Jokowi Kesal Urusan Pembayaran RS Sampai ke Presiden

Achmad Zulfikar Fazli    •    Rabu, 17 Oct 2018 12:29 WIB
bpjs kesehatan
Jokowi Kesal Urusan Pembayaran RS Sampai ke Presiden
Presiden Joko Widodo (kiri) didampingi Wakil Presiden Jusuf Kalla memimpin rapat terbatas penanganan dampak gempa dan tsunami Palu serta Donggala di Kantor Presiden, Jakarta. Foto: MI/Ramdani.

Jakarta: Presiden Joko Widodo kesal harus turun tangan mengurus pembayaran utang Badan Penyelenggara Jaminan Sosial (BPJS) Kesehatan kepada rumah sakit (RS). Dia tak ingin kejadian ini terulang.

"Urusan pembayaran utang RS sampai Presiden. Ini kebangetan sebetulnya. Kalau tahun depan masih diulang kebangeten," ketus Jokowi dalam acara Pembukaan Kongres Perhimpunan Rumah Sakit Seluruh Indonesia (Persi) di JCC Senayan, Jakarta, Rabu, 17 Oktober 2018.

Menurut dia, penyelesaian masalah ini tidak sulit. Yang terpenting, sistemnya terbangun dengan benar. "Selalu saya tekankan sistem, selalu saya tekankan manajemen," tegas dia.

Jokowi mengaku sering inspeksi mendadak ke rumah sakit umum daerah (RSUD) saat kunjungan kerja. Keluhan banyak masuk dari direktur utama (dirut) RSUD. 

Dia mencontohkan saat menengok pelayanan RSUD Nabire, Papua. Jokowi diingatkan utang yang menumpuk hingga puluhan miliar dari BPJS Kesehatan.

Namun, Kepala Negara meminta para dirut RSUD tidak berkoar-koar di media massa soal utang tersebut. Pasalnya, dia sudah mengetahui masalahnya.

"Saya tanya langsung, saya dengarin dokter menyampaikan ke kuping saya nyantel di sini, dirutnya bisik-bisik nyantel di sini. Tapi, saya enggak pernah ngajak yang namanya Bu Menkes (Menteri Kesehatan Nila Moeloek) dan Dirut BPJS (Fachmi Idris). Enggak. Nanti dirutnya pada takut," beber dia.

Dia juga mengaku sengaja turun ke RSUD untuk mendengar langsung keluhan tersebut. Dengan begitu, dia bisa memberikan solusi atas permasalahan BPJS ini.

Baca juga: Tujuh RS Tipe D di Brebes Siap Layani Pasien BPJS

"Tapi masa setiap tahun harus dicarikan solusi. Mestinya sudah rampunglah di Menkes, di Dirut BPJS," kata dia.

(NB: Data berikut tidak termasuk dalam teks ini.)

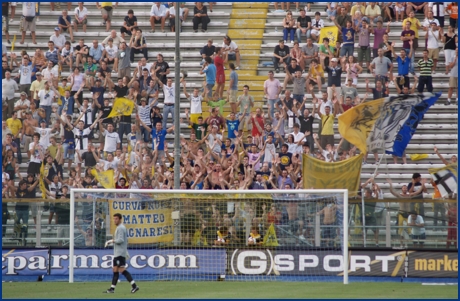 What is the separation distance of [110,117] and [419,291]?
12.5 m

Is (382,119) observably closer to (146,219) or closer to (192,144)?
(192,144)

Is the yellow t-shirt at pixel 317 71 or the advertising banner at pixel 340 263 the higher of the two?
the yellow t-shirt at pixel 317 71

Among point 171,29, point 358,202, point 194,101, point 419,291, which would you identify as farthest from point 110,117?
point 419,291

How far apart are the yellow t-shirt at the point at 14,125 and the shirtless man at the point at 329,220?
1051 centimetres

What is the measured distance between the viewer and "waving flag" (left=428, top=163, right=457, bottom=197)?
2150 cm

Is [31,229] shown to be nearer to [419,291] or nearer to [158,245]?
[158,245]

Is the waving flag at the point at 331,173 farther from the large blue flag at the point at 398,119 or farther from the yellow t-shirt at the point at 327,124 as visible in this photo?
the yellow t-shirt at the point at 327,124

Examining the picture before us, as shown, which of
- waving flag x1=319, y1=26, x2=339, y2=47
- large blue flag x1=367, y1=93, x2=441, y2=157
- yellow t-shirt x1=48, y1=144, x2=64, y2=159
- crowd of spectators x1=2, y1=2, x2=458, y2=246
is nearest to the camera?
large blue flag x1=367, y1=93, x2=441, y2=157

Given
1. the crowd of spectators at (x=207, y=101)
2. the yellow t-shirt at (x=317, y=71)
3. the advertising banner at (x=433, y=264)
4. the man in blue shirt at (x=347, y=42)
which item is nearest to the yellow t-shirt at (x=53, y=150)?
the crowd of spectators at (x=207, y=101)

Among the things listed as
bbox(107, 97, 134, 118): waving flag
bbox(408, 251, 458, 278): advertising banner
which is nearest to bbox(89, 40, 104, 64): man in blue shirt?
bbox(107, 97, 134, 118): waving flag

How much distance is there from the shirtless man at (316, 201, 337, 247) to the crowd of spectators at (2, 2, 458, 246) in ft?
9.02

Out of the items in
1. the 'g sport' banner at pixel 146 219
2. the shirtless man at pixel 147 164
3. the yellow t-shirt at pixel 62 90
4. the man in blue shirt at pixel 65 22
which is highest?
the man in blue shirt at pixel 65 22

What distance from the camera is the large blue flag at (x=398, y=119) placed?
75.1 ft

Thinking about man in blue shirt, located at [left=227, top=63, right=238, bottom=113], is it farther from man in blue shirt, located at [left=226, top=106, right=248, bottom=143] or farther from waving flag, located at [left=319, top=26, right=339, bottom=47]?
waving flag, located at [left=319, top=26, right=339, bottom=47] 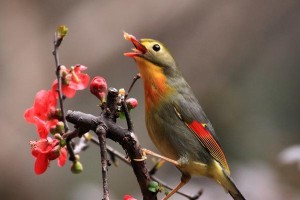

Pada 2018, defisit BPJS Kesehatan mencapai Rp10,98 triliun. Untuk menutupi defisit itu, Jokowi sudah menerbitan Peraturan Presiden Nomor 82 Tahun 2018 tentang Jaminan Kesehatan Nasional (JKN).

Melalui aturan itu, pemerintah pusat bisa menggunakan pajak rokok hak pemerintah daerah (pemda) untuk program JKN, termasuk menutup defisit keuangan BPJS Kesehatan. Kementerian Keuangan memperkirakan pemotongan cukai rokok pemda yang bisa terkumpul untuk menutup defisit BPJS Kesehatan mencapai Rp1,1 triliun.